Capitali cinesi
Davide Giacalone – Libero
Non mi spaventano i soldi che i cinesi investono in Italia, mi preoccupano quelli che non investono. E’ curioso che ci si agiti, con animo giulivo o contrito, per l’acquisto di pacchetti azionari di società quotate, ovvero per quello che la proprietà aveva già venduto. Semmai si dovrebbe avvertire che la pretesa di vendere e restare proprietari, esercitata mediante artificiali ostacoli al mercato, già esistenti (come le soglie basse per far scattare l’obbligo di segnalazione) o che si vogliono introdurre (come il voto plurimo in capo a chi è già azionista), è uno di quei sintomi che rivela quanto la globalizzazione venga vissuta come minaccia, anziché opportunità. Tre sono le osservazioni che devono essere fatte, per capire quel che succede e per trarne il massimo vantaggio.
1. Considerato che l’Italia è la seconda potenza industriale e la terza economica d’Europa, le operazioni cinesi (e non solo) d’ingresso nel capitale delle grandi società è largamente al di sotto del nostro peso effettivo. Detto in modo diverso: sono poche e per valori bassi.

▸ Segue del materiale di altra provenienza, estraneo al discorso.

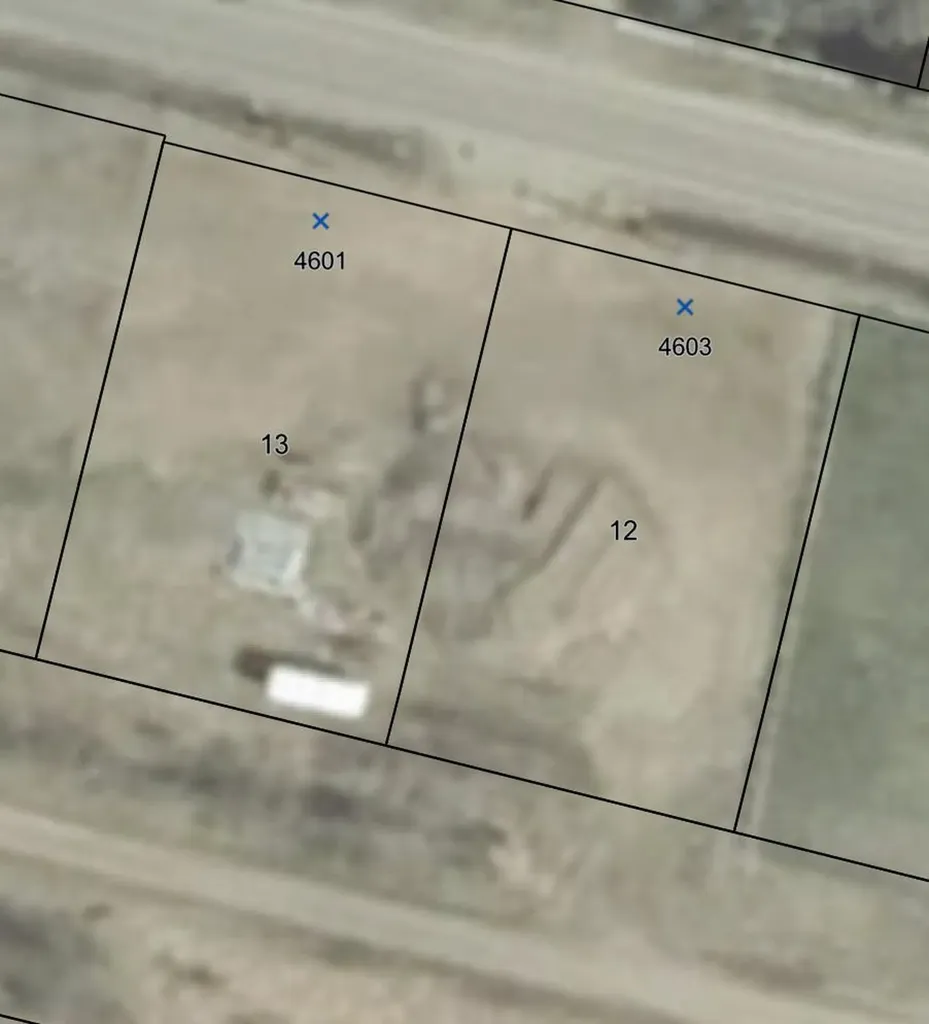4601-4603 49 Avenue Dewberry AB T0B 0E3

Rothschild Italia calcola che le operazioni fatte da noi sono state 35, su 400 relative all’intera Unione europea. Segno che l’attrattività del nostro mercato è inferiore alla sua importanza e ricchezza. Sicché, a dispetto di quelli che vanno strillando circa l’ipotetica invasione cinese, il problema è opposto: vanno più altrove che qui.
2. Si deve distinguere fra le operazioni attivate da istituzioni finanziarie e quelle che hanno come protagonisti dei soggetti industriali. Se prendiamo gli acquisti che hanno dato luogo a segnalazioni rivolte all’autorità di controllo (Consob), vediamo che banche cinesi hanno investito in titoli come Eni o Enel. In buona sostanza, sono delle rendite. La banca diversifica il rischio, per conto dei propri clienti e correntisti, acquistando quel che assicura un guadagno. Eni ed Enel non ci guadagnano nulla, sono i loro guadagni ad arricchire gli azionisti. Chiunque questi siano. Poi c’è Fca, la fu Fiat, che è quotata anche in Italia, ma è ardito definire italiana. Investire in quel titolo non significa avviare una conquista, piuttosto scommettere sulla riuscita del disegno industriale, sostenuto anche dal mercato cinese. Telecom è azienda mal messa, da tempo priva di strategia e con investimenti bassi. Comprare significa puntare sulla sottovalutazione del titolo, oppure, più realisticamente, sulla convinzione che l’attuale assetto proprietario non è in grado di reggere. Se si avviasse una scalata, quegli acquisti si dimostrerebbero un ottimo affare.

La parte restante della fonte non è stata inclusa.